§ **TO DO**
Set down the entries exactly. No line may differ from its source.

§ **SOURCE MATERIAL**
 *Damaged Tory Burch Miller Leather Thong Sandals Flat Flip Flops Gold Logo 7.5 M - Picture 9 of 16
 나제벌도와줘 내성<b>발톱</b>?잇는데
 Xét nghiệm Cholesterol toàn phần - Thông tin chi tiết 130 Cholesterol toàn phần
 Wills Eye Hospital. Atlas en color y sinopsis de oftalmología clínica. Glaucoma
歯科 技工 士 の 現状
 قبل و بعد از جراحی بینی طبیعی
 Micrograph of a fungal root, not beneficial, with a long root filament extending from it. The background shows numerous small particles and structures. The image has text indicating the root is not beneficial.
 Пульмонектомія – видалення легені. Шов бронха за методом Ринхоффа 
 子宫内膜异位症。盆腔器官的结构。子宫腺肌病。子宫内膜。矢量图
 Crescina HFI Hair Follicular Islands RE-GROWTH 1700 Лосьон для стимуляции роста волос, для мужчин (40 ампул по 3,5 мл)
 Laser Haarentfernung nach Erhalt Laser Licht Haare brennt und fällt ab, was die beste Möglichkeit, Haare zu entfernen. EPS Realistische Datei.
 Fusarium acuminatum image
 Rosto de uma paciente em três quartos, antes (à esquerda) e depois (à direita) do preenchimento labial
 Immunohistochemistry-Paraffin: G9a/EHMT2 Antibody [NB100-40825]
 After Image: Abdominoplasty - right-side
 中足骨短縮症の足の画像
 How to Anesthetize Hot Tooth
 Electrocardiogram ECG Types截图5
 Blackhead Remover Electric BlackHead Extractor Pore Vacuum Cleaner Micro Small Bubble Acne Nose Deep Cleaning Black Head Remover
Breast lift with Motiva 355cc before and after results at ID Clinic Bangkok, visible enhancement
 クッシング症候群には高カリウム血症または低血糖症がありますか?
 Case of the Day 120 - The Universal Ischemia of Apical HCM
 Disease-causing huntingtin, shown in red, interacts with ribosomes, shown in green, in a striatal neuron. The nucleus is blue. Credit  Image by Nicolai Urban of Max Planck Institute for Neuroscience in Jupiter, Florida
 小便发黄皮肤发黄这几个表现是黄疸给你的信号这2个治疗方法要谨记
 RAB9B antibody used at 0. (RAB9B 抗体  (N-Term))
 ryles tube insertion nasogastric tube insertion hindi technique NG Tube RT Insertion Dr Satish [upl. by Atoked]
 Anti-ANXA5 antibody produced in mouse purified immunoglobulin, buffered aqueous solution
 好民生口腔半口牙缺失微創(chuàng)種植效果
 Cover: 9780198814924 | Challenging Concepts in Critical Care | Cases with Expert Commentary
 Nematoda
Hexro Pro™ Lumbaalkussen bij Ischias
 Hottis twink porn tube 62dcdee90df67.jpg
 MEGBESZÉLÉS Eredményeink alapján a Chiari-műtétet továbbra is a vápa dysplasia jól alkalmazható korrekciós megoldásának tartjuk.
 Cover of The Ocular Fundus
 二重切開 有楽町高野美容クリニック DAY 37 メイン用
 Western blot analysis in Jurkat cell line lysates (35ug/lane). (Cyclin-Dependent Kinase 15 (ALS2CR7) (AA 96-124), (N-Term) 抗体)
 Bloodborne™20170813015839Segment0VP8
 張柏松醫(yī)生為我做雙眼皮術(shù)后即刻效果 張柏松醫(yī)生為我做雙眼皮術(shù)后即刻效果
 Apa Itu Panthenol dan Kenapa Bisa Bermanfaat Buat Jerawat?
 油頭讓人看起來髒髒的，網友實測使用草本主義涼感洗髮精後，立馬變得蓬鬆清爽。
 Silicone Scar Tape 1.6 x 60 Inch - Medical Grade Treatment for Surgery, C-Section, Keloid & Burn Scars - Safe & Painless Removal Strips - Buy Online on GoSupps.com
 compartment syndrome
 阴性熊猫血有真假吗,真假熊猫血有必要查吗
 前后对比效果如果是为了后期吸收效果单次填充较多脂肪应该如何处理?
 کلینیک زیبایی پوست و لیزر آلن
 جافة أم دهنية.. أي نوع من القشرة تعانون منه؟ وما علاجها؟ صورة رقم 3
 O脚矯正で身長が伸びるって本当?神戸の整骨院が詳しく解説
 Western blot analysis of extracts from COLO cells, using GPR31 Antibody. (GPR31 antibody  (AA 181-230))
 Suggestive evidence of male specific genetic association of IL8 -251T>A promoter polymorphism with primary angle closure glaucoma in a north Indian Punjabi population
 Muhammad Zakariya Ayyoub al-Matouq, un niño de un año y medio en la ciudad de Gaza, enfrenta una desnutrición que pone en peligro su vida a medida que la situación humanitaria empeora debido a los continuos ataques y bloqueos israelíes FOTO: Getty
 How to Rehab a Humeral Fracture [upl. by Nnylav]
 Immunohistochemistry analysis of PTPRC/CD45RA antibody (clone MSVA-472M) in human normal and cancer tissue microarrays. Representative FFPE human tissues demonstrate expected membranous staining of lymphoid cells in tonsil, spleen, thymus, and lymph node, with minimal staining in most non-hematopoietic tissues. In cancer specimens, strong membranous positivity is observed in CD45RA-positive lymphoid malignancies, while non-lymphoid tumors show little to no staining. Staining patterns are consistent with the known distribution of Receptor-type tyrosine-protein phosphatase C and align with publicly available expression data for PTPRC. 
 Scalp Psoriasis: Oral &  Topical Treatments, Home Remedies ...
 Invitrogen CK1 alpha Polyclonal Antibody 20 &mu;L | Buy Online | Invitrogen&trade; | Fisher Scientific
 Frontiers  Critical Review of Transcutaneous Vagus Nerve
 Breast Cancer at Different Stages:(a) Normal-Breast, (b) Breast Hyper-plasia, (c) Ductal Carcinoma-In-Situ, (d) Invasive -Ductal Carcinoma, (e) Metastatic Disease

§ **EXPECTED ANSWER**
 *Damaged Tory Burch Miller Leather Thong Sandals Flat Flip Flops Gold Logo 7.5 M - Picture 9 of 16
 나제벌도와줘 내성<b>발톱</b>?잇는데
 Xét nghiệm Cholesterol toàn phần - Thông tin chi tiết 130 Cholesterol toàn phần
 Wills Eye Hospital. Atlas en color y sinopsis de oftalmología clínica. Glaucoma
歯科 技工 士 の 現状
 قبل و بعد از جراحی بینی طبیعی
 Micrograph of a fungal root, not beneficial, with a long root filament extending from it. The background shows numerous small particles and structures. The image has text indicating the root is not beneficial.
 Пульмонектомія – видалення легені. Шов бронха за методом Ринхоффа 
 子宫内膜异位症。盆腔器官的结构。子宫腺肌病。子宫内膜。矢量图
 Crescina HFI Hair Follicular Islands RE-GROWTH 1700 Лосьон для стимуляции роста волос, для мужчин (40 ампул по 3,5 мл)
 Laser Haarentfernung nach Erhalt Laser Licht Haare brennt und fällt ab, was die beste Möglichkeit, Haare zu entfernen. EPS Realistische Datei.
 Fusarium acuminatum image
 Rosto de uma paciente em três quartos, antes (à esquerda) e depois (à direita) do preenchimento labial
 Immunohistochemistry-Paraffin: G9a/EHMT2 Antibody [NB100-40825]
 After Image: Abdominoplasty - right-side
 中足骨短縮症の足の画像
 How to Anesthetize Hot Tooth
 Electrocardiogram ECG Types截图5
 Blackhead Remover Electric BlackHead Extractor Pore Vacuum Cleaner Micro Small Bubble Acne Nose Deep Cleaning Black Head Remover
Breast lift with Motiva 355cc before and after results at ID Clinic Bangkok, visible enhancement
 クッシング症候群には高カリウム血症または低血糖症がありますか?
 Case of the Day 120 - The Universal Ischemia of Apical HCM
 Disease-causing huntingtin, shown in red, interacts with ribosomes, shown in green, in a striatal neuron. The nucleus is blue. Credit  Image by Nicolai Urban of Max Planck Institute for Neuroscience in Jupiter, Florida
 小便发黄皮肤发黄这几个表现是黄疸给你的信号这2个治疗方法要谨记
 RAB9B antibody used at 0. (RAB9B 抗体  (N-Term))
 ryles tube insertion nasogastric tube insertion hindi technique NG Tube RT Insertion Dr Satish [upl. by Atoked]
 Anti-ANXA5 antibody produced in mouse purified immunoglobulin, buffered aqueous solution
 好民生口腔半口牙缺失微創(chuàng)種植效果
 Cover: 9780198814924 | Challenging Concepts in Critical Care | Cases with Expert Commentary
 Nematoda
Hexro Pro™ Lumbaalkussen bij Ischias
 Hottis twink porn tube 62dcdee90df67.jpg
 MEGBESZÉLÉS Eredményeink alapján a Chiari-műtétet továbbra is a vápa dysplasia jól alkalmazható korrekciós megoldásának tartjuk.
 Cover of The Ocular Fundus
 二重切開 有楽町高野美容クリニック DAY 37 メイン用
 Western blot analysis in Jurkat cell line lysates (35ug/lane). (Cyclin-Dependent Kinase 15 (ALS2CR7) (AA 96-124), (N-Term) 抗体)
 Bloodborne™20170813015839Segment0VP8
 張柏松醫(yī)生為我做雙眼皮術(shù)后即刻效果 張柏松醫(yī)生為我做雙眼皮術(shù)后即刻效果
 Apa Itu Panthenol dan Kenapa Bisa Bermanfaat Buat Jerawat?
 油頭讓人看起來髒髒的，網友實測使用草本主義涼感洗髮精後，立馬變得蓬鬆清爽。
 Silicone Scar Tape 1.6 x 60 Inch - Medical Grade Treatment for Surgery, C-Section, Keloid & Burn Scars - Safe & Painless Removal Strips - Buy Online on GoSupps.com
 compartment syndrome
 阴性熊猫血有真假吗,真假熊猫血有必要查吗
 前后对比效果如果是为了后期吸收效果单次填充较多脂肪应该如何处理?
 کلینیک زیبایی پوست و لیزر آلن
 جافة أم دهنية.. أي نوع من القشرة تعانون منه؟ وما علاجها؟ صورة رقم 3
 O脚矯正で身長が伸びるって本当?神戸の整骨院が詳しく解説
 Western blot analysis of extracts from COLO cells, using GPR31 Antibody. (GPR31 antibody  (AA 181-230))
 Suggestive evidence of male specific genetic association of IL8 -251T>A promoter polymorphism with primary angle closure glaucoma in a north Indian Punjabi population
 Muhammad Zakariya Ayyoub al-Matouq, un niño de un año y medio en la ciudad de Gaza, enfrenta una desnutrición que pone en peligro su vida a medida que la situación humanitaria empeora debido a los continuos ataques y bloqueos israelíes FOTO: Getty
 How to Rehab a Humeral Fracture [upl. by Nnylav]
 Immunohistochemistry analysis of PTPRC/CD45RA antibody (clone MSVA-472M) in human normal and cancer tissue microarrays. Representative FFPE human tissues demonstrate expected membranous staining of lymphoid cells in tonsil, spleen, thymus, and lymph node, with minimal staining in most non-hematopoietic tissues. In cancer specimens, strong membranous positivity is observed in CD45RA-positive lymphoid malignancies, while non-lymphoid tumors show little to no staining. Staining patterns are consistent with the known distribution of Receptor-type tyrosine-protein phosphatase C and align with publicly available expression data for PTPRC. 
 Scalp Psoriasis: Oral &  Topical Treatments, Home Remedies ...
 Invitrogen CK1 alpha Polyclonal Antibody 20 &mu;L | Buy Online | Invitrogen&trade; | Fisher Scientific
 Frontiers  Critical Review of Transcutaneous Vagus Nerve
 Breast Cancer at Different Stages:(a) Normal-Breast, (b) Breast Hyper-plasia, (c) Ductal Carcinoma-In-Situ, (d) Invasive -Ductal Carcinoma, (e) Metastatic Disease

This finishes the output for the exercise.